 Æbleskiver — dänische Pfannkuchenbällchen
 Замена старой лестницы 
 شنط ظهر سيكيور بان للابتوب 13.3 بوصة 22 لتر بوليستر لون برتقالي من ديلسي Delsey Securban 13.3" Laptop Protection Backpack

# DIRECTIONS FOR THIS TASK:
Each line of the listing needs to be transcribed exactly.

# SOLUTION:
 Æbleskiver — dänische Pfannkuchenbällchen
 Замена старой лестницы 
 شنط ظهر سيكيور بان للابتوب 13.3 بوصة 22 لتر بوليستر لون برتقالي من ديلسي Delsey Securban 13.3" Laptop Protection Backpack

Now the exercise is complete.